El origen y la construcción del Obelisco
El proyecto del Obelisco fue impulsado por el entonces intendente Mariano de Vedia y Mitre con motivo de los 400 años de la primera fundación de Buenos Aires. Al buscar una obra significativa, se consideró la posibilidad de erigir estatuas de figuras históricas como Hipólito Yrigoyen o Carlos Gardel. Sin embargo, la iniciativa definitiva provino del secretario municipal Atilio Dell’Oro Maini, quien propuso construir un obelisco y ofreció la dirección del proyecto al arquitecto Alberto Prebisch.
La estructura se levantó en el cruce de la Avenida 9 de Julio y Corrientes. Para su edificación fue necesario demoler la histórica iglesia de San Nicolás de Bari, lugar donde por primera vez se izó la bandera nacional. La construcción fue realizada por la empresa alemana GEOPE, en consorcio con Siemens Bauunion y Grün & Bilfinger, e involucró a 157 obreros.
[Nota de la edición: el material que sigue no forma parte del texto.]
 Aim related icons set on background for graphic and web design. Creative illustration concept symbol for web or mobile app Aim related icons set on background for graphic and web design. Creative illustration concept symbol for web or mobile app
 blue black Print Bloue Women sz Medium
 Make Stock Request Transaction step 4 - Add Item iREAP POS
En tan solo dos meses, el Obelisco quedó terminado con un presupuesto de 200.000 pesos de la época. Se inauguró el 23 de mayo de 1936 a las 15:00, en una ceremonia donde el intendente de Vedia y Mitre definió el monumento como una representación auténtica de la identidad porteña.
Alberto Prebisch explicó su decisión arquitectónica: “se adoptó esta simple y honesta forma geométrica porque es la forma de los obeliscos tradicionales”. Cada una de sus caras rememora momentos clave de la historia de la ciudad, como la primera y segunda fundación, el primer izamiento de la bandera argentina y la federalización bonaerense.
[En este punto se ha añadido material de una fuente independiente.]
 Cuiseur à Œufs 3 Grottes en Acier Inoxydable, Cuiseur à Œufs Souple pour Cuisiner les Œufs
De la polémica a símbolo de Buenos Aires
Desde sus inicios, el Obelisco fue objeto de debates y controversias. Las críticas abarcaron desde su diseño hasta la legitimidad del proyecto y la demolición de la iglesia original. Apenas un año después de su inauguración, algunos vecinos lo calificaban de “monumento estrafalario”, “adefesio” y “bodrio”.
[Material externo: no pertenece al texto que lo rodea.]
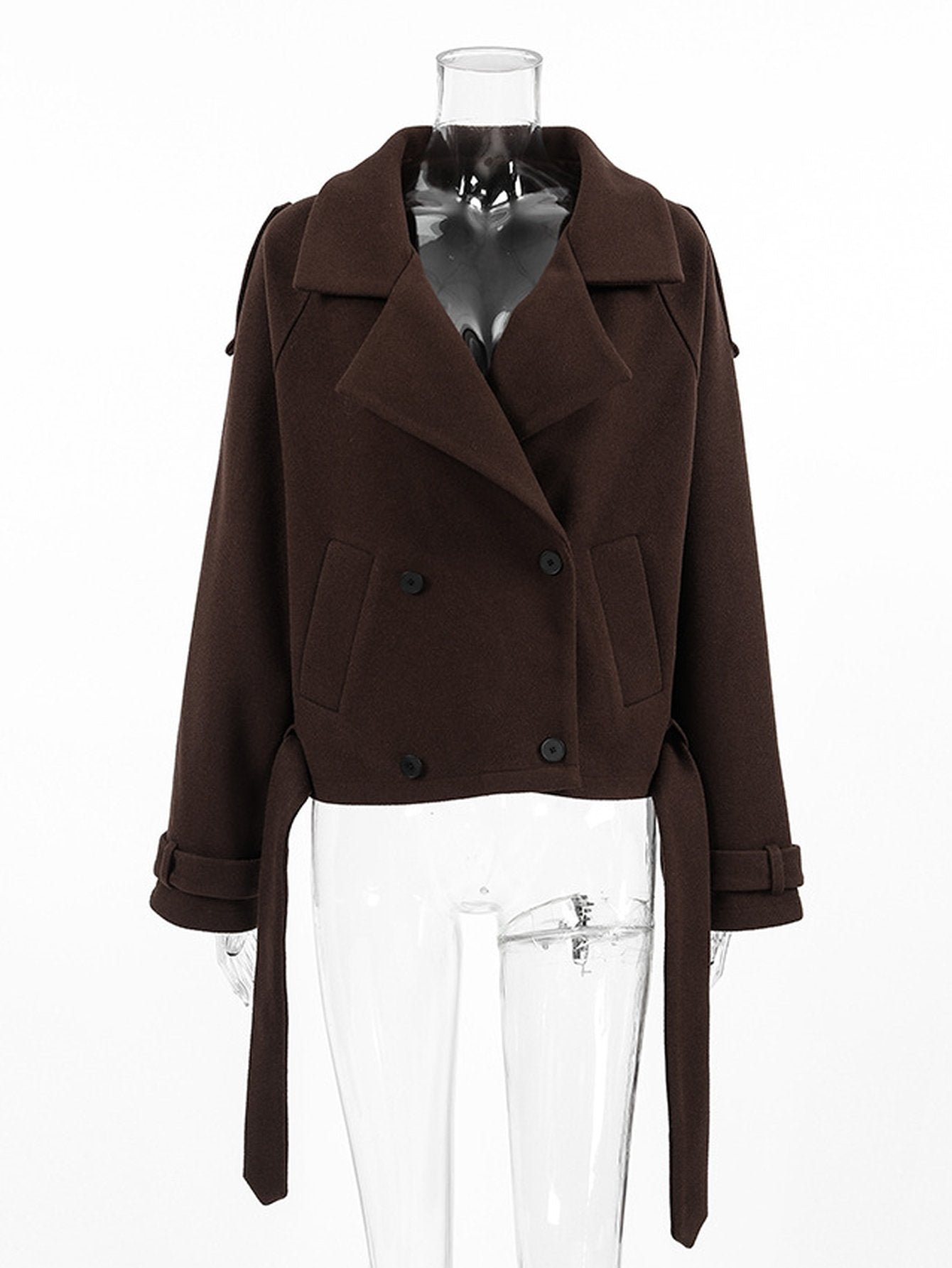 Brown Double Breasted Cropped Jacket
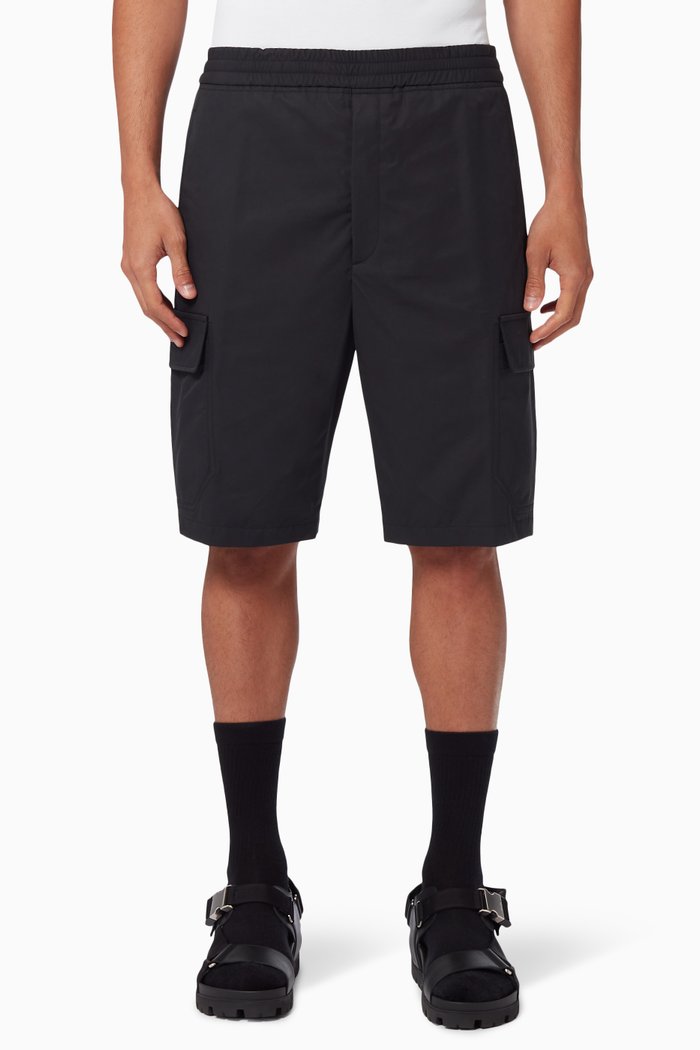 

Dropped Crotch Cargo Shorts in Wool Blend, Black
En junio de 1938, la caída de losas del revestimiento exterior intensificó las dudas sobre la seguridad de la estructura. Como consecuencia, en 1939, los concejales de la ciudad votaron a favor de una ordenanza que proponía su demolición, citando razones legales, estéticas y estructurales. La intervención del presidente Roberto Ortiz resultó clave: dispuso que las obras de reparación quedaran bajo la órbita del Ministerio de Obras Públicas.
Finalmente, el intendente Arturo Goyeneche vetó la demolición, y el revestimiento original fue sustituido por mampostería. Se excluyó la placa con el nombre del arquitecto a raíz de la premura de la reforma. Pese a los rechazos, el símbolo permaneció y se consolidó como centro de celebraciones y testigo de la historia nacional.
Con el paso del tiempo, el Obelisco dejó atrás la polémica y se convirtió en un emblema de la ciudad, reflejando el espíritu y la vitalidad de Buenos Aires para sucesivas generaciones.